Francesco Bruno su Il Sole 24 ORE del 4 gennaio 2016 esamina le prospettive delle pensioni degli Italiani:

"...in un gruppo selezionato di 19 Paesi OCSE che presentano un maggiore collegamento tra contributi versati e sistema pensionistico, l’Italia è al primo posto per i contributi previdenziali versati, corrispondenti al 33% del salario da lavoro dipendente. Il 23,81% è pagato dai datori di lavoro, il 9,19% dai lavoratori. Si tratta di un tasso altissimo, considerato che la media del gruppo nel 2014 è stata pari al 18%. Siamo ampiamente distanti da altri Paesi dell’eurozona come il Belgio (16,4%), la Germania (18,9) e la Francia (21,25%)."

"Nei fatti tali versamenti incidono pesantemente sui lavoratori, poiché all’imprenditore interessa quanto gli costi ogni dipendente, a prescindere da quanto corrisponda direttamente a quest’ultimo e quanto allo Stato o agli Enti previdenziali: “Più devo dare allo Stato, meno darò al lavoratore”. Nessuno si sorprenda quindi di livelli salariali bassi con queste percentuali. E se qualcuno si illude altresì di poter intervenire a favore dei lavoratori alzando la soglia del salario minimo, si sbaglia nuovamente, perché favorirebbe solo un’ulteriore diminuzione del tasso di occupazione".

"Altra nota dolente.

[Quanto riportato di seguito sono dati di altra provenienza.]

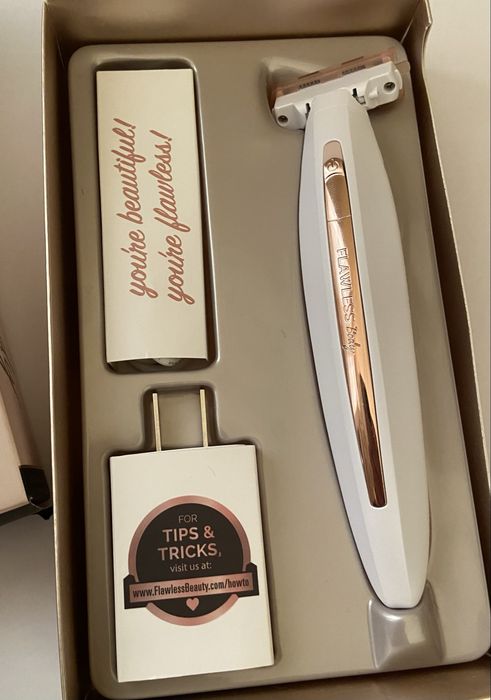 Триммер и сухая бритва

Durante il periodo 2010-2015 le pensioni pubbliche italiane hanno assorbito mediamente il 15,7% del PIL rispetto a una media OCSE del 9%. Un livello di spesa inferiore solo alla Grecia (16,2%), maggiore rispetto ad altri Membri UE come Olanda (6,9%), Regno Unito (7,7%), Germania (10%), Belgio e Spagna (11,8%), Francia (14,9%). Si rammenta che spendiamo per l’istruzione meno del 5% del PIL".

"Inoltre, a preoccupare – visti i noti livelli del debito pubblico, ben oltre il 130% del Pil – sono anche i necessari trasferimenti annuali di risorse dallo Stato centrale (quindi, fiscalità generale) all’INPS, che superano i 100 miliardi".

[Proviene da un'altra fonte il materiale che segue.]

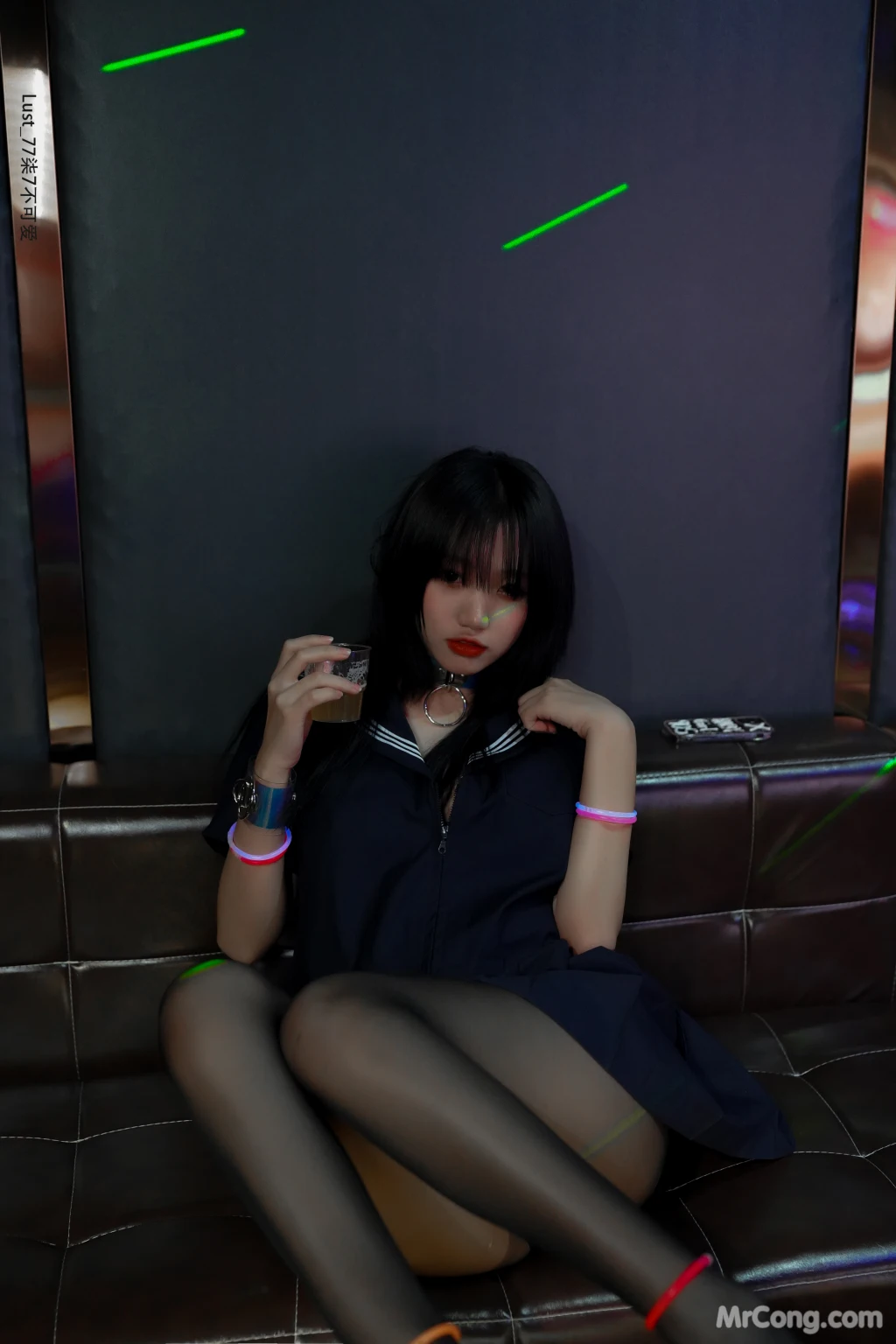 Coser@柒柒要乖哦_ 反差JK少女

"Ovviamente il livello di spesa non dipende solo da un’inefficiente gestione delle risorse. Come rileva il rapporto gli ultrasessantacinquenni rappresentano il 21,7% della popolazione contro il 16,2% della media OCSE. Anche l’invecchiamento della popolazione è dunque una minaccia per la sostenibilità finanziaria del sistema".

"Circa il 25% degli appartenenti alla fascia di età 16-29 anni né studia, né lavora. Il tasso di occupazione è del 39,5% nella fascia di età 15-34, mentre il tasso generale è fermo al 56,4% (media OCSE superiore al 66%). Questo implica forti preoccupazioni legate al nuovo modello previdenziale".

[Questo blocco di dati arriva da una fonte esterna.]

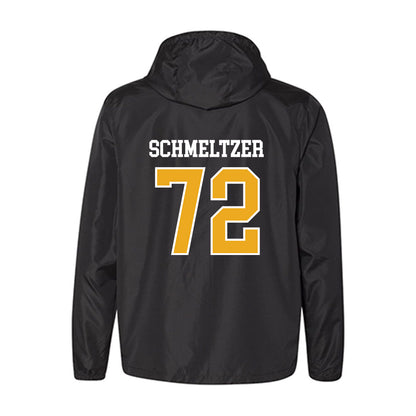 Northern Iowa - NCAA Football : Max Schmeltzer - Windbreaker-1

"La riforma del 2011 ha infatti sancito uno stretto legame tra contributi versati e prestazioni pensionistiche ricevute. Questo sistema – pur presentando dei vantaggi – rappresenta un serio rischio per chi ha difficoltà ad entrare nel mercato del lavoro o a proseguire una carriera senza interruzioni".

"Nel mese di ottobre l’Australian Centre for Financial Studies ha pubblicato il Melbourne Mercer Global Pension Index, grazie al quale si ottiene una classifica analitica dei sistemi pensionistici di 25 Paesi, assegnando un rating, un voto, a ciascuno di essi".

"Al primo posto vi è la Danimarca, seguita subito dopo dall’Olanda. Poi vengono Australia, Svezia, Svizzera e tutti gli altri Paesi. È curioso notare che questi 5 Paesi si affidino consistentemente a schemi di pensioni private – obbligatorie e non – con percentuali superiori al 60 per cento. L’Italia è ferma al 15,7 per cento".

In coda alla sua brillante analisi Bruno suggerisce il rimedio capace di riportare il sistema all'efficienza e alla sostenibilità: l'ampio ricorso a strumenti previdenziali privati. Purtroppo prendere o riprendere questa strada appare tecnicamente ma soprattutto politicamente molto difficile. Come spiegare agli Italiani che anche in questo settore è tutto sbagliato, tutto da rifare?